Two years ago, I had a glut of tomatoes and my friend Kittee suggested a great recipe that used up many pounds of tomatoes, and made a super rich tomato paste. I made a batch, popped it in the freezer, and started using a little bit of it every time I made soup or wanted to add some serious umami tomato power to my dinner. Frankly, we fell in love with that stuff. It's hard to put into words just how flavorful and rich and amazing this stuff is. The problem was, I had totally forgotten what it was called and hadn't bookmarked my recipe. I asked Kittee and she didn't remember either. I was desperate! All I remembered was that it started with the letter "C."

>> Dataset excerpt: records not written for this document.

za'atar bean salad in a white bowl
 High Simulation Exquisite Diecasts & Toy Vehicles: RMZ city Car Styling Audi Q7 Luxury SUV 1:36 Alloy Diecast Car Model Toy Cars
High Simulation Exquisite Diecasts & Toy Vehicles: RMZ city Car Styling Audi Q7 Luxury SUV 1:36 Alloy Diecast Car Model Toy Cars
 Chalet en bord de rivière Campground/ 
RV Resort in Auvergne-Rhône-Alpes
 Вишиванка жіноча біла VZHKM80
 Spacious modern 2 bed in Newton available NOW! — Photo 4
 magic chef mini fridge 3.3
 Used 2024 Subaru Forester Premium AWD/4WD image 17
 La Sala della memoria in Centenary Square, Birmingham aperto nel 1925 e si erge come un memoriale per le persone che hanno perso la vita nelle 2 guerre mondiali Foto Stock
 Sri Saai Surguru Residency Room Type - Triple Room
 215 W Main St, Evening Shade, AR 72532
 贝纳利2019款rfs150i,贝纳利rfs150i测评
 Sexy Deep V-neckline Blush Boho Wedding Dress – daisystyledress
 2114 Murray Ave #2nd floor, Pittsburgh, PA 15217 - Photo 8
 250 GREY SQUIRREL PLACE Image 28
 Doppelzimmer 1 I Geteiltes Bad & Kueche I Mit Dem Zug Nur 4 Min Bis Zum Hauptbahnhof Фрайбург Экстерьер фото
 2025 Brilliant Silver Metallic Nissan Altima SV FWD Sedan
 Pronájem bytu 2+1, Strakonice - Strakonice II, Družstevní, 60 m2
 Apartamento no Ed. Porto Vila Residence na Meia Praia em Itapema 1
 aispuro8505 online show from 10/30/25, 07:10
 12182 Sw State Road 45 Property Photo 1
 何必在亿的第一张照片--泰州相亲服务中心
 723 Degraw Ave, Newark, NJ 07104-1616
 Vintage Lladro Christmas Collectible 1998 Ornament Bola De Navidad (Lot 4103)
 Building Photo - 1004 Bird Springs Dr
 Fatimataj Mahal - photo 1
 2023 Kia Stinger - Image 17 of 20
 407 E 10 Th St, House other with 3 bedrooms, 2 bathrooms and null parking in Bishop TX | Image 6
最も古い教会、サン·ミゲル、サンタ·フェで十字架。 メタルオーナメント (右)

Well, we recently finally used up our last cube of "tomato power," and in a state of panic, I got down to some serious Googling ... and voila! I found it!! The glorious tomato power umami flavor cubes were called "Conserva." There are a lot of good recipes and ideas for conserva online, and I read a bunch of sites, then sort of combined a few of them.
tiny little guy full of power!
The recipe starts with 5 pounds of tomatoes, and ends up with about 16 1-inch tomato boullion cubes. That's roughly 1 pound of tomatoes per 3 cubes of conserva. It's basically an Italian tomato paste with some salt and olive oil... but the end result is totally out of sight.
I used: 5 lbs dry-farmed tomatoes, 2 Tbsp olive oil, and 1/2 tsp salt.
lots of tomatoes!
First I washed and halved / quartered all the tomatoes. All of that went in to a pot (top left) with the olive oil and salt, and was brought to a boil over medium-high heat for about 30 minutes or so... "until the skin was beginning to soften and peel off the flesh of the tomatoes," as directed by one of the recipes. Some of the recipes said to seed the tomatoes, so I did that. But then, I was looking at that bowl full of tomato flavor, and I couldn't bring myself to leave it out. So I boiled that stuff down for a little while too.
food mill fun!
All the stewed tomatoes and the cooked down seeds/juice were run through a food mill to create a pot of thick soupy tomato-ness.
the final product!
In the end, I got 16 cubes of pure caramelized tomato power umami goodness. You guys. This stuff is SO GOOD and SO SPECIAL. It's definitely a project to make, but it mostly just requires you being around the house, not a lot of actual work. In fact, I already decided to make another batch, because I don't think this will be enough.
All the power and glory of a full-sized Amey in a tiny little Tomato-Conserva-Sized Amey!